Robert A. Olmsted, the first director of long-term planning for New York City’s Metropolitan Transportation Authority (MTA) and a transportation engineer, builder, historian and industry mentor for more than 60 years, died on Aug. 16 in Manhattan. He was 85.
Olmsted—a descendent of Frederick Law Olmsted, the landscape architect who designed New York City’s Central Park—began his own industry career in the late 1940s as a Cornell University engineering graduate on the Brooklyn Battery Tunnel. A protégé of Ole Singstad, the innovative structure’s chief engineer, Olmsted went on to work for other New York-area transportation agencies and on global engineering assignments for the former TAMS Consultants. After his MTA retirement in 1989, he continued as an industry consultant until his death. Olmsted taught urban mass transportation at several area universities for 30 years and was a prolific author. Jay H. Walder, an MTA veteran who was named by New York Gov. David Paterson to become agency chairman in 2009, credits Olmsted “for much of what I learned.”
Olmsted is a fellow of the American Society of Civil Engineers and, in 2006, recipient of its national civil engineering history and heritage award.

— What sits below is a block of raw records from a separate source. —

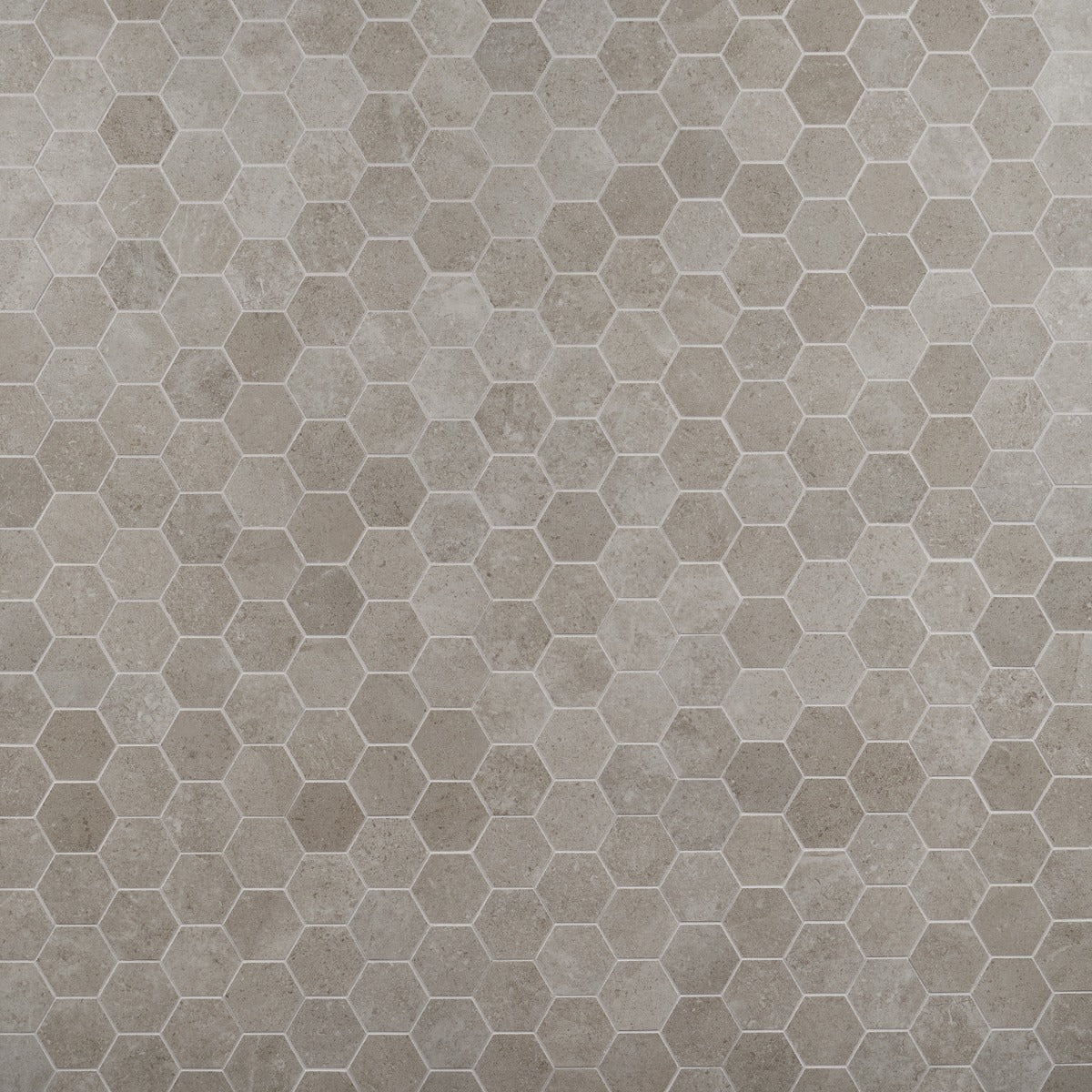 Lux Tile New Rock Tortora Beige 3" Hex Matte Porcelain Mosaic Tile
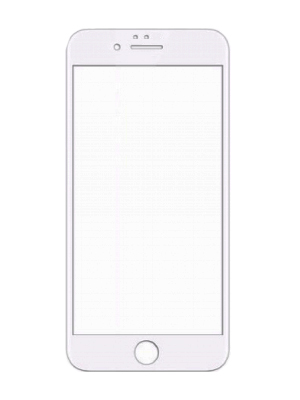 Защитное стекло 3D для iPhone 6/6s (Белое)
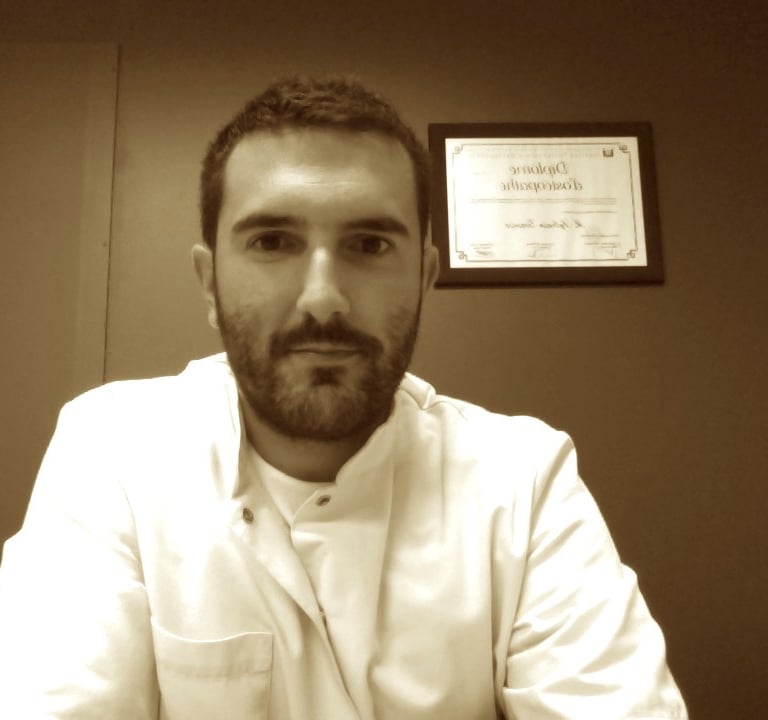 Sylvain Granier ostéopathe à pavie, douleur et mal de dos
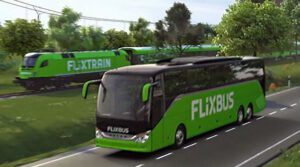 Umweltfreundliche Fortbewegungsmittel: Flixbus und Flixtrain. Quelle & ©: Flixmobility SE.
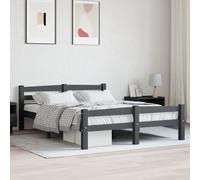 vidaXL Giroletto senza Materasso Grigio Scuro 120x200 cm Legno Pino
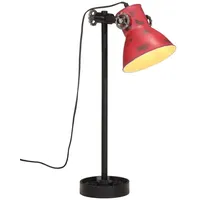 VidaXL Schreibtischlampe 25 W Rot 15x15x55 cm E27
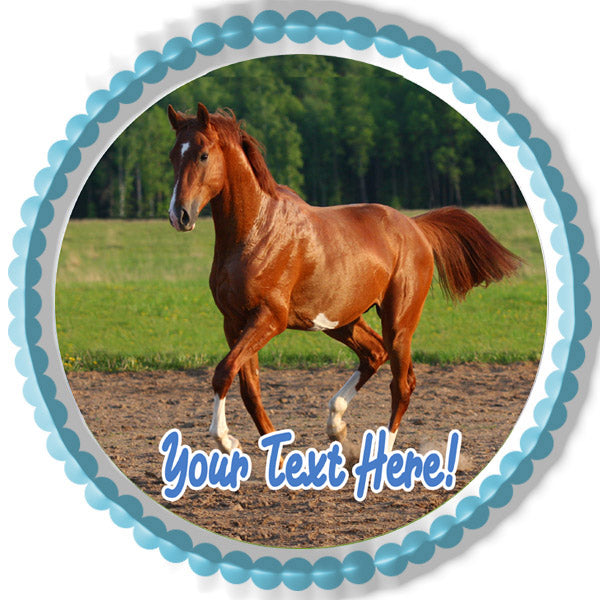 Brown Horse (Nr2) - Edible Cake Topper, Cupcake Toppers, Strips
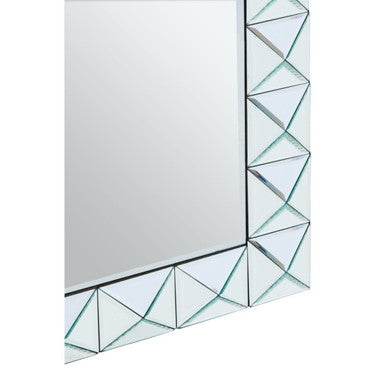 Pyramid Edged Wall Mirror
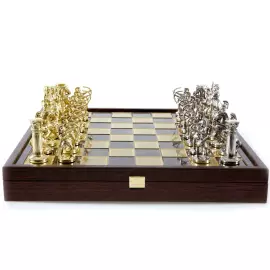 Laminated wood chess set "Archers"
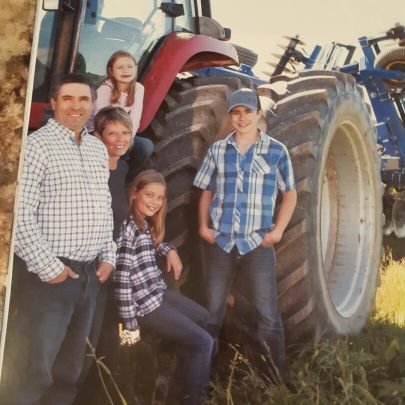 Cattle farmer, with purebred angus and simmental, owner of trucking company and livestock by-product feed company.  Local politician, husband and father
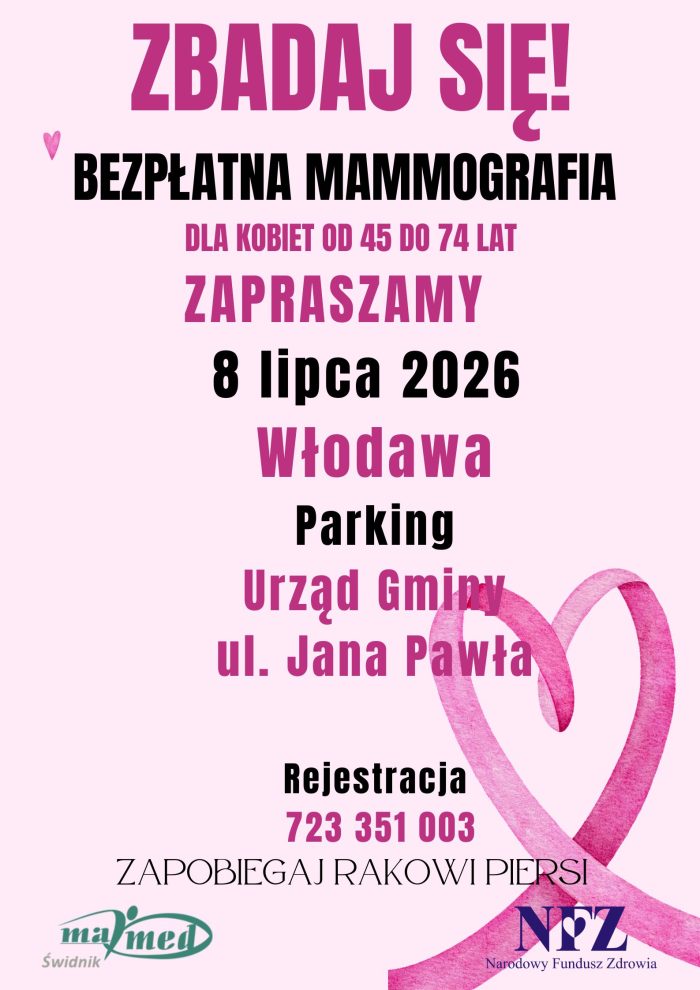 Zaproszenie na mammografię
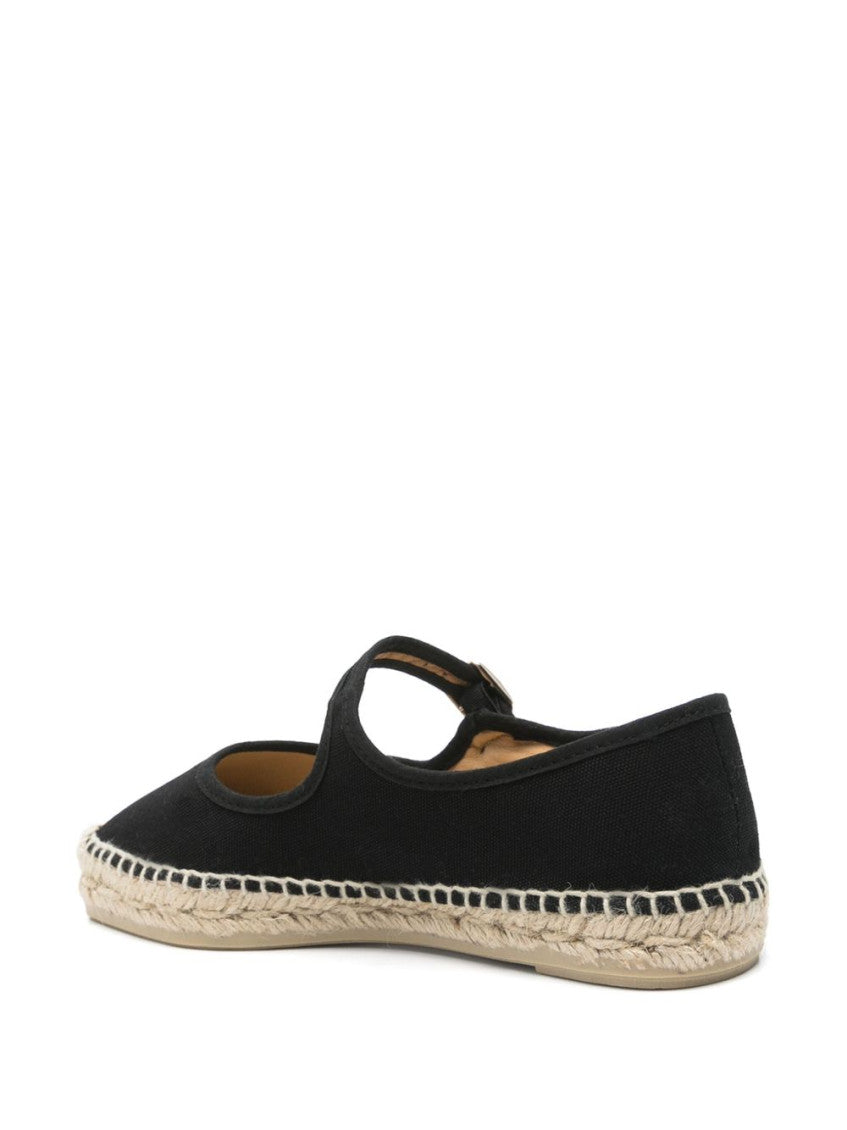 Black Canvas Espadrilles 4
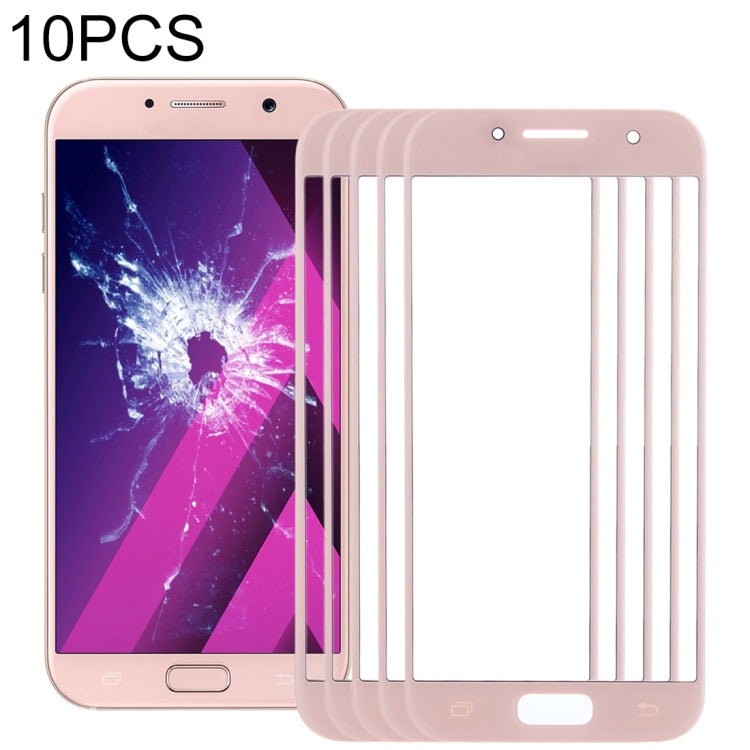 For Samsung Galaxy A7 (2017) / A720 10pcs Front Screen Outer Glass Lens, For Samsung Galaxy A7 (2017)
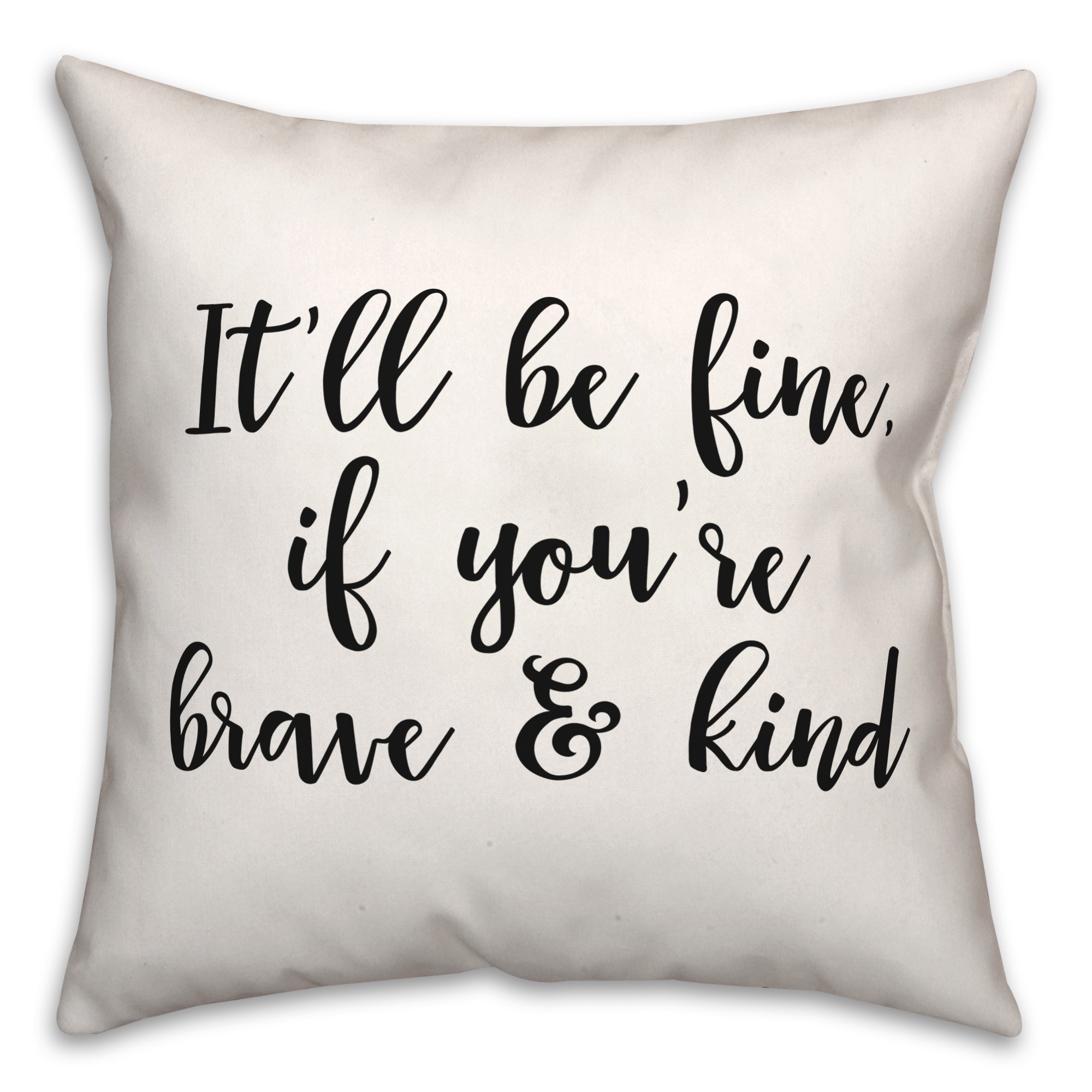Fine  18x18 Spun Poly Pillow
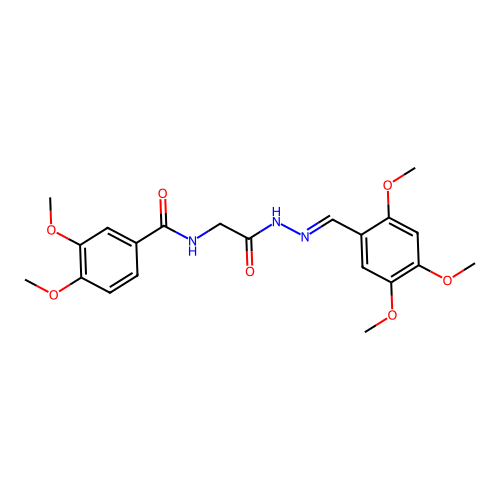 3,4-Dimethoxy-N-(2-oxo-2-(2-(2,4,5-trimethoxybenzylidene)hydrazino)ET)benzamide structure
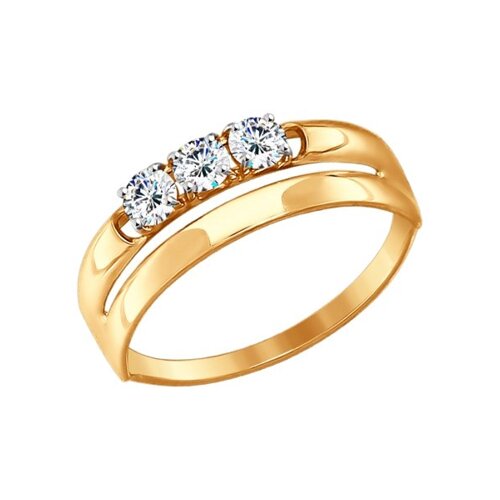 Кольцо SOKOLOV из золота со Swarovski Zirconia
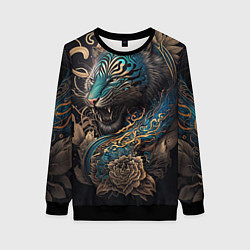 Женский свитшот Тигр Irezumi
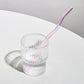 Frendorf | GlassLuxe Twist Glasstrohhalm Set | Bunte Trinkhalme | Nachhaltig & Wiederverwendbar | Für Cocktails & Smoothies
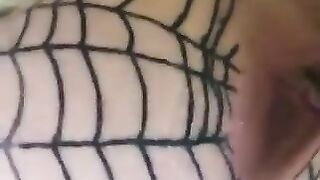 Dirty mature blonde lady shitting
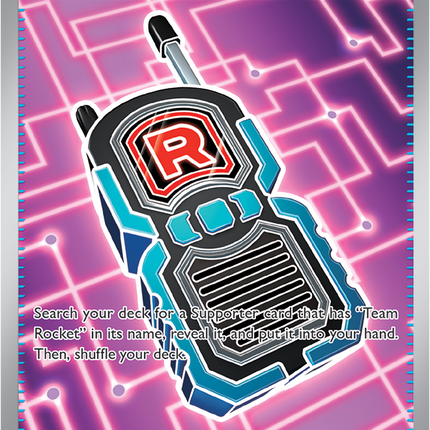 Carta Individual Pokémon Team Rocket's Trasceiver Ultra Rare 263/217, Supporter Trainer, set Ascended Heroes, - Thunder Cards México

He was instrumental in securing ASCE historic landmark status in 2009 for New York City’s Manhattan, Queensboro and Williamsburg bridges. “[Olmsted] really loved everything about the history of transit, the subway, the tunnels and transit bridges,” says Paul Roppa, a New York City Dept. of Design and Construction director and a committee chairman of ASCE’s metro New York chapter.